:: Recorded information

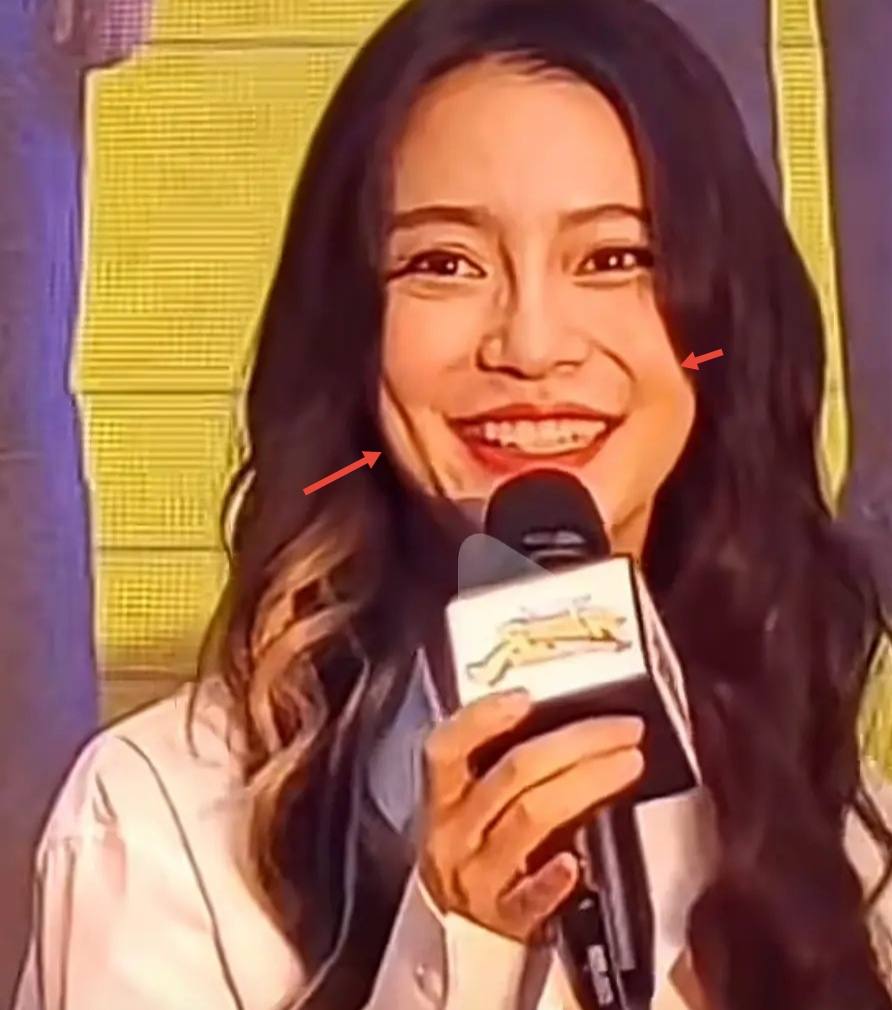 杨颖最新生图跟精修差距大两边脸完全不对称山根凸起法令纹深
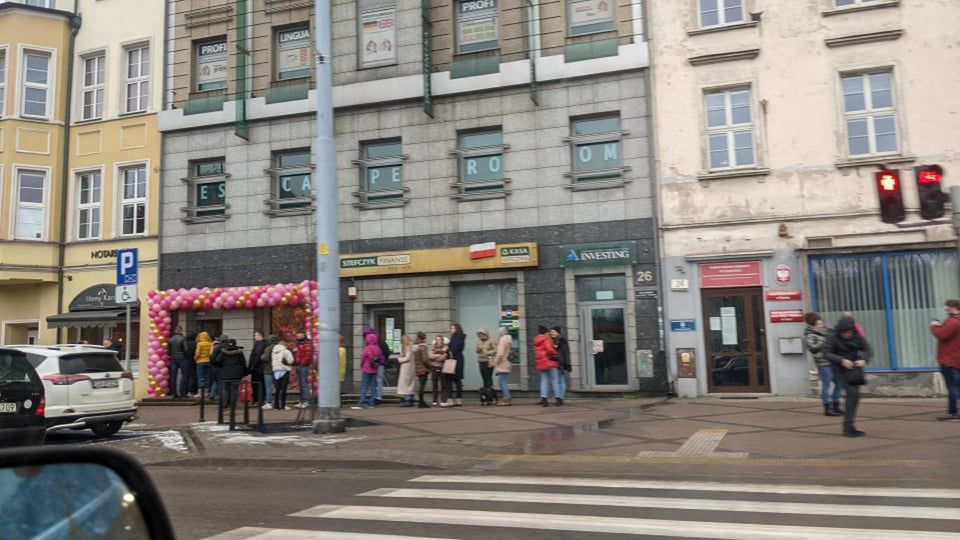 Kolejka przed Royal Donuts w piątek, 7 stycznia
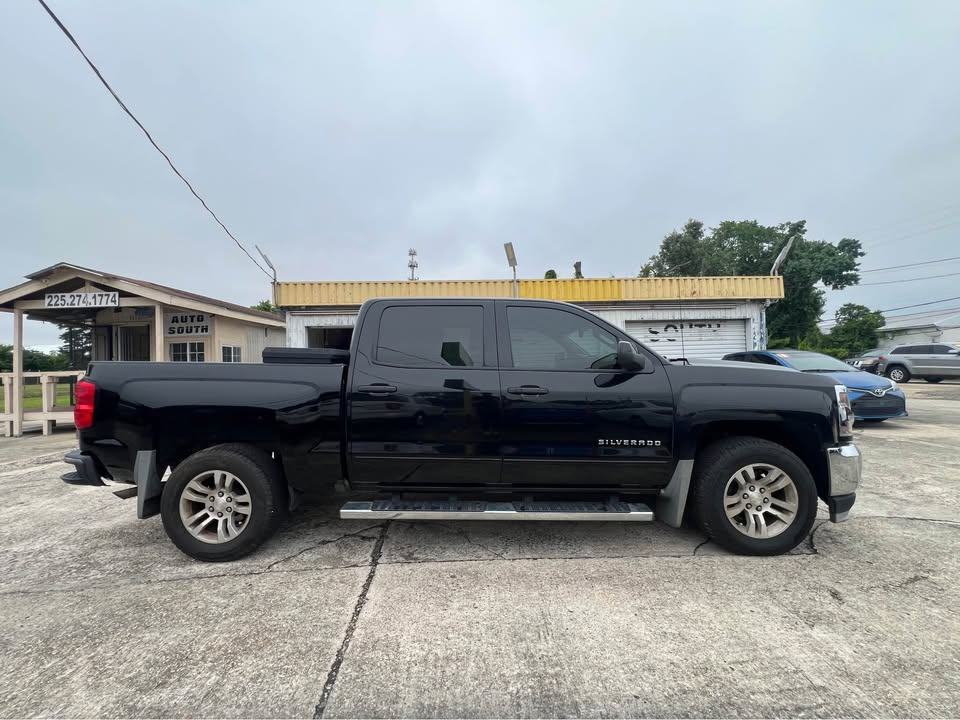 
								2017 Chevrolet Silverado full									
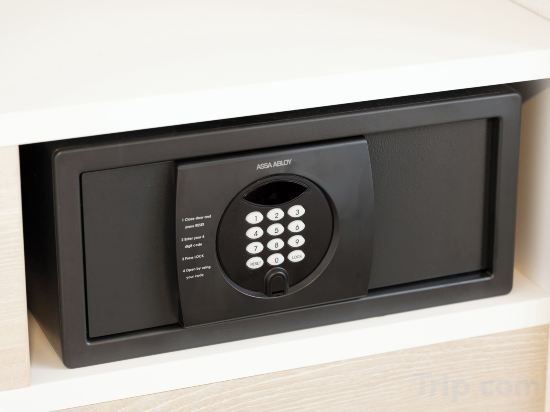 Фото Brackets Hotel Osaka Hommachi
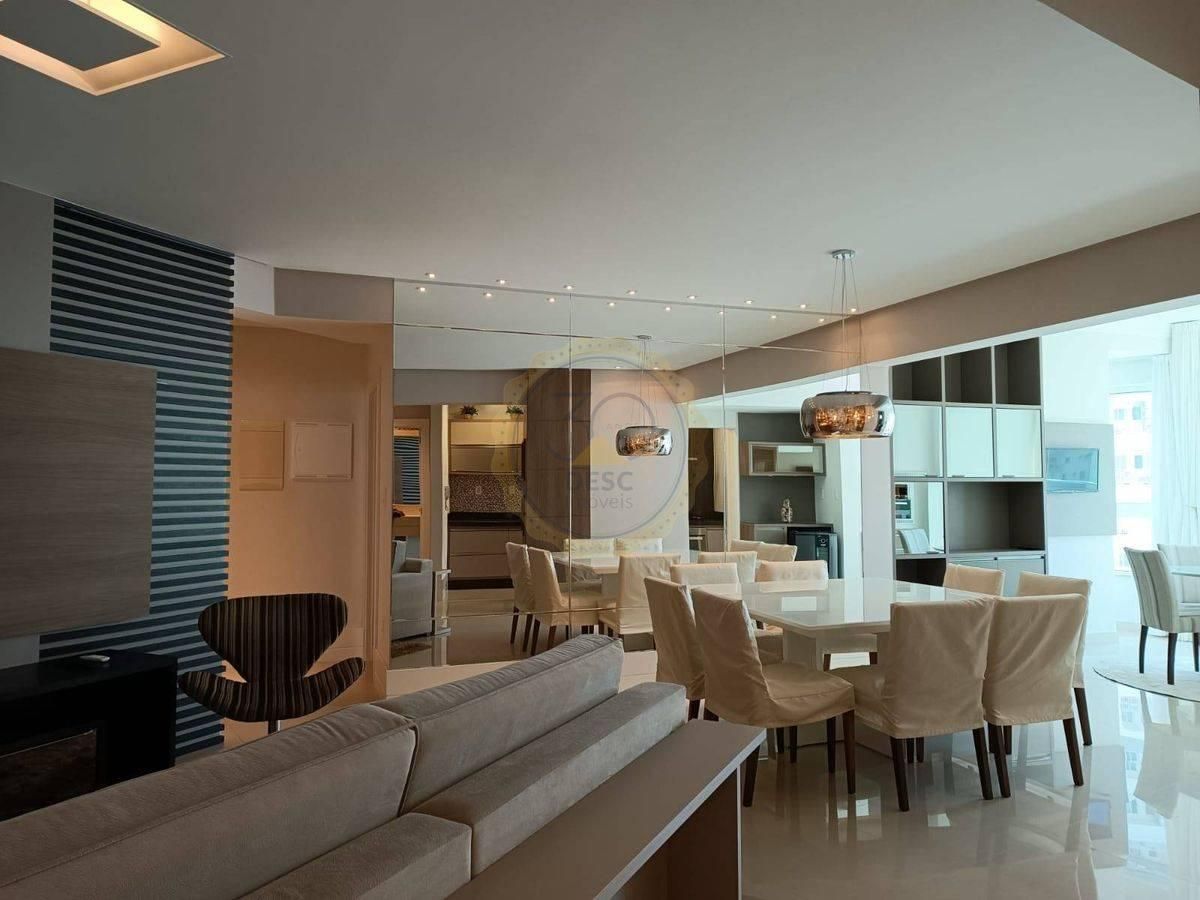 Apartamento mobiliado com 3 suítes para VENDA na Quadra do Mar em Balneário Camboriú - Apartamento em Centro, Balneário Camboriú - à venda - Desc Imóveis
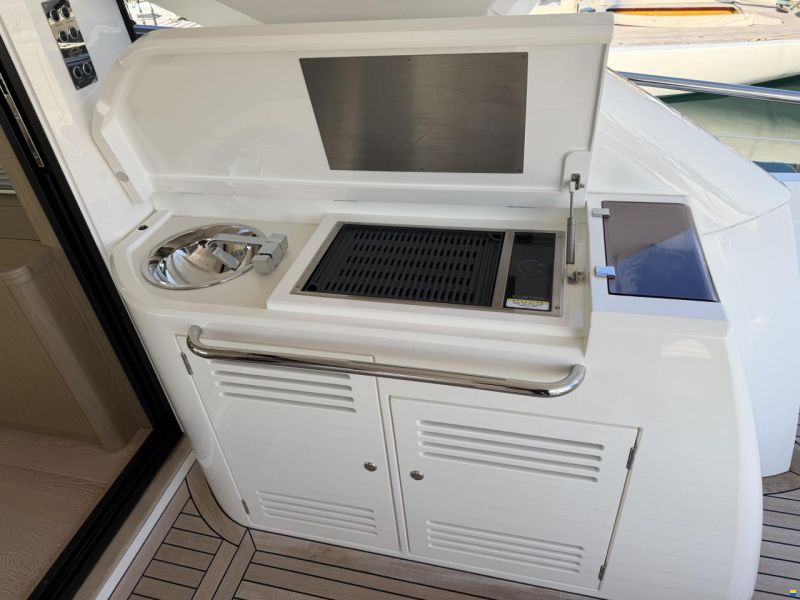 Sunseeker Predator 57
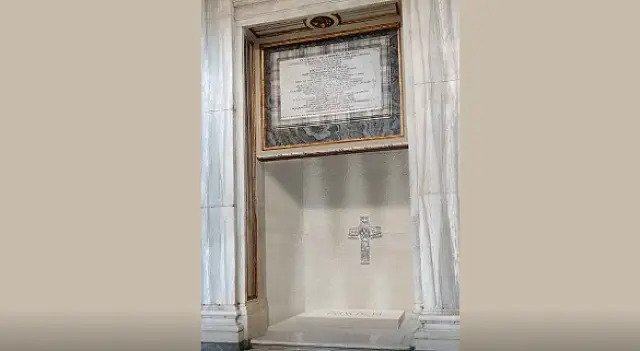 Túmulo do papa foi feito com pedra da região de seus avós, na Itália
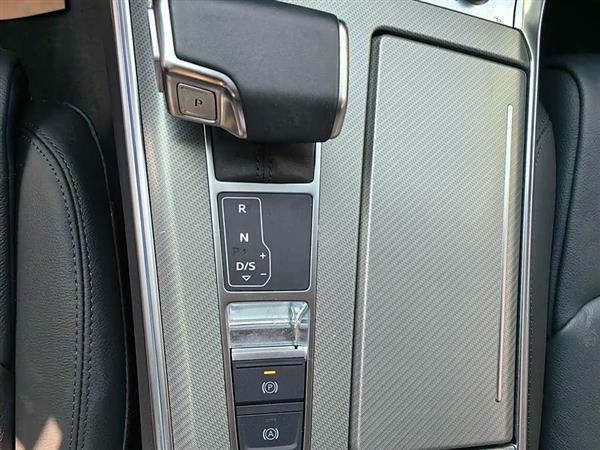 奥迪A6L 2021款 45 TFSI 臻选致雅型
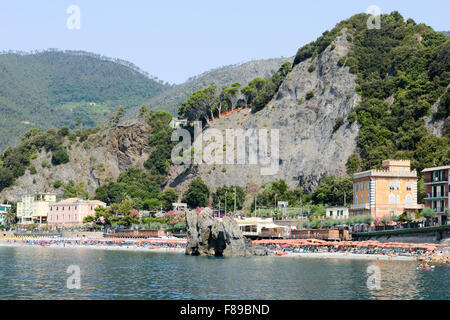 Monterosso, Italien - 7. Juli 2015: Leute schwimmen und Sonnenbaden am Strand von Monterosso in Cinque Terre, Italien Stockfoto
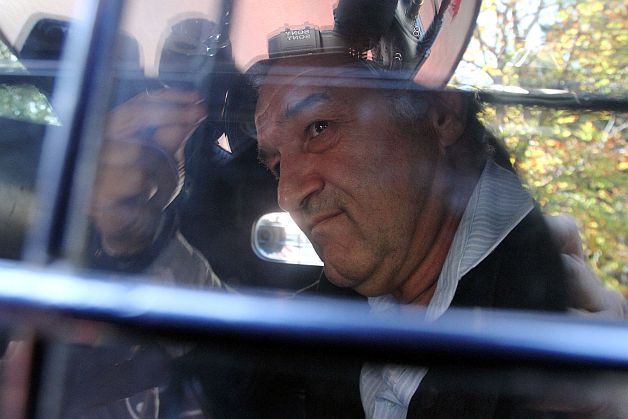 Becali vrea să iasă din ÎNCHISOARE pe motive MEDICALE. Avocaţii au depus deja CEREREA de întrerupere a PEDEPSEI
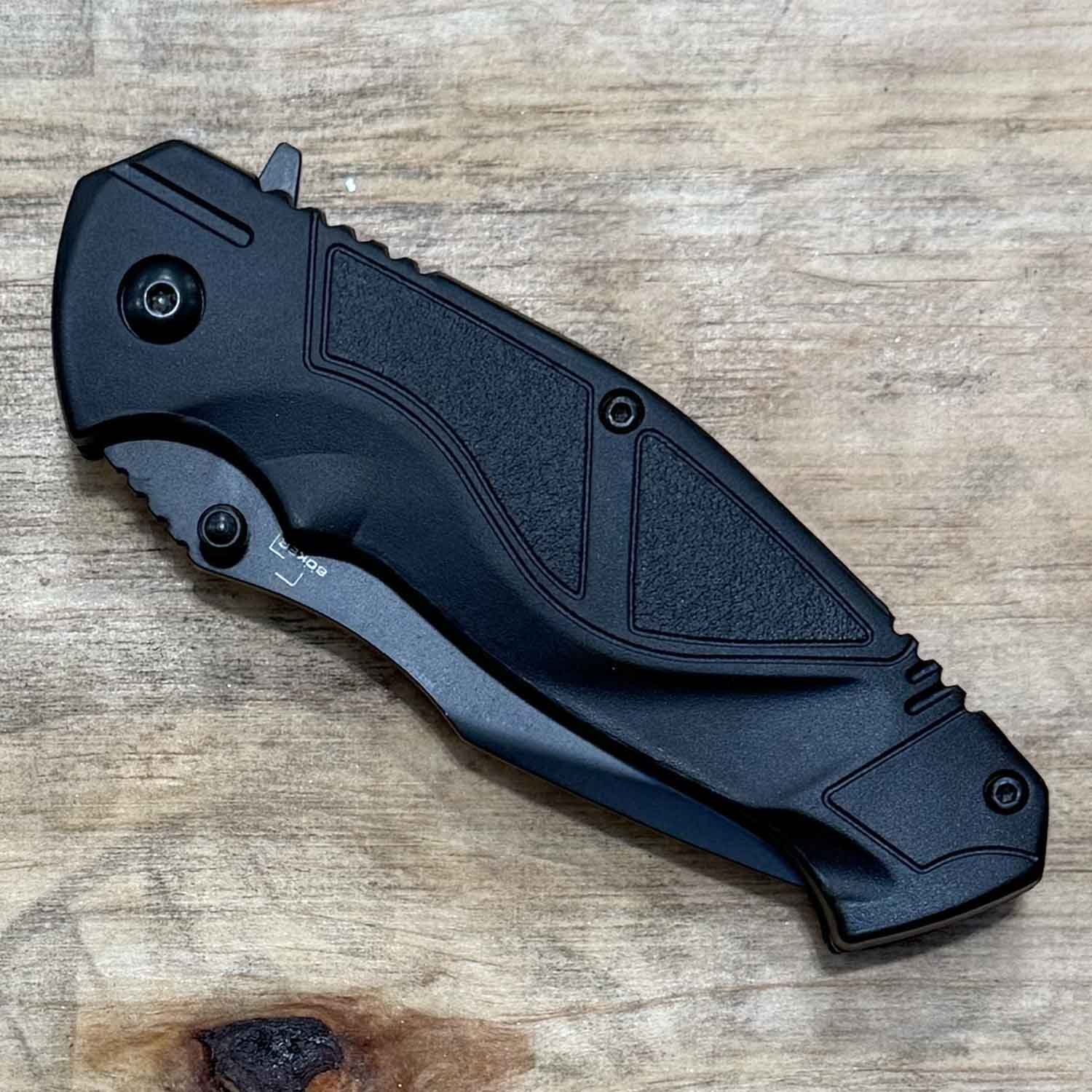 Böker Plus All Black Pro – Taschenmesser mit D2-Klinge & Tip-Up Clip – Detailansicht
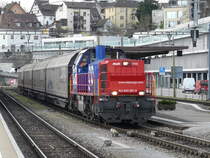 SBB - Am 843 091-0 mit G�terwagen im Bahnhof Schaffhausen am 01.04.2011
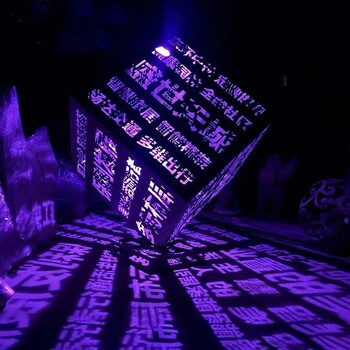 校園魔方雕塑鏤空發(fā)光魔方雕塑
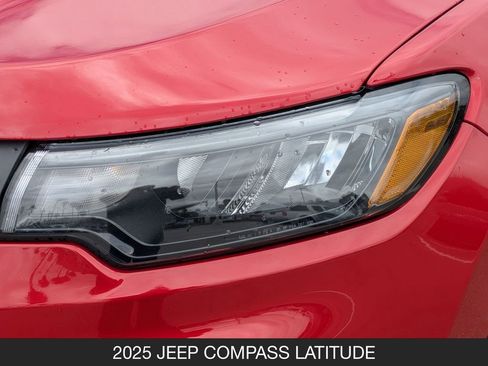 Used 2025 Jeep Compass Latitude AWD/4WD image 10
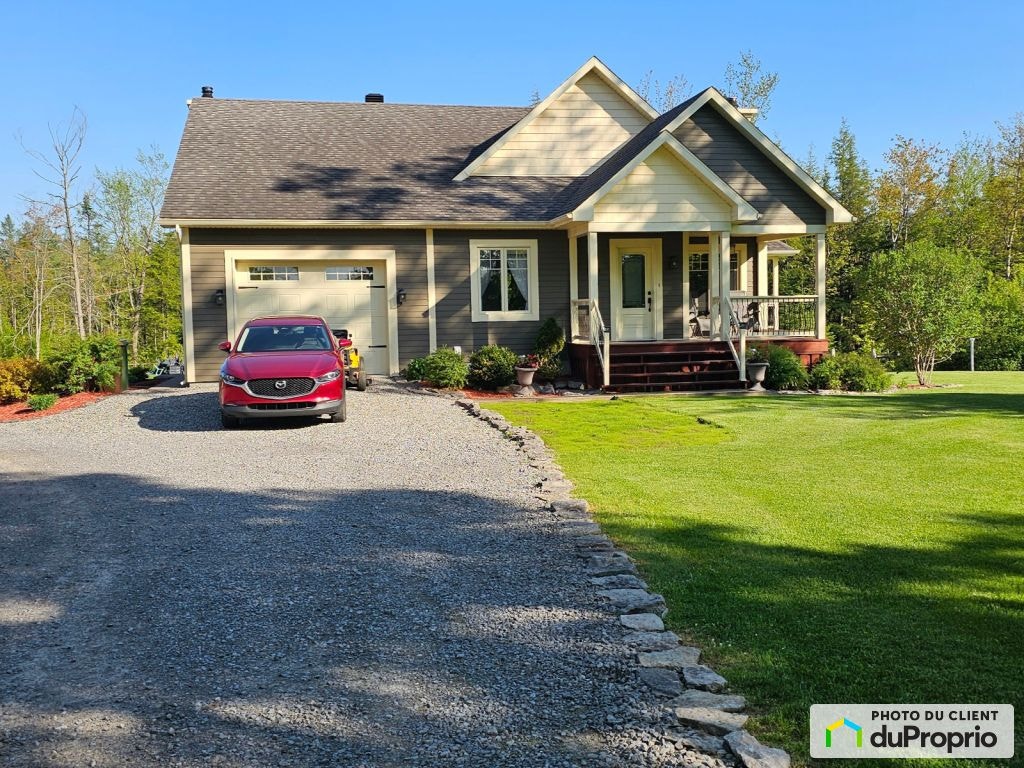 $950,000 - Acreage / Hobby Farm / Ranch for sale in St-Casimir — photo 1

::::

Exercise objective
After locating the line containing "Túmulo do papa" in the entries above, repeat only it and each later line through the end, exactly, without any pictures.

Reply
 Túmulo do papa foi feito com pedra da região de seus avós, na Itália
 奥迪A6L 2021款 45 TFSI 臻选致雅型
 Monterosso, Italien - 7. Juli 2015: Leute schwimmen und Sonnenbaden am Strand von Monterosso in Cinque Terre, Italien Stockfoto
 Becali vrea să iasă din ÎNCHISOARE pe motive MEDICALE. Avocaţii au depus deja CEREREA de întrerupere a PEDEPSEI
 Böker Plus All Black Pro – Taschenmesser mit D2-Klinge & Tip-Up Clip – Detailansicht
 SBB - Am 843 091-0 mit G�terwagen im Bahnhof Schaffhausen am 01.04.2011
 校園魔方雕塑鏤空發(fā)光魔方雕塑
 Used 2025 Jeep Compass Latitude AWD/4WD image 10
 $950,000 - Acreage / Hobby Farm / Ranch for sale in St-Casimir — photo 1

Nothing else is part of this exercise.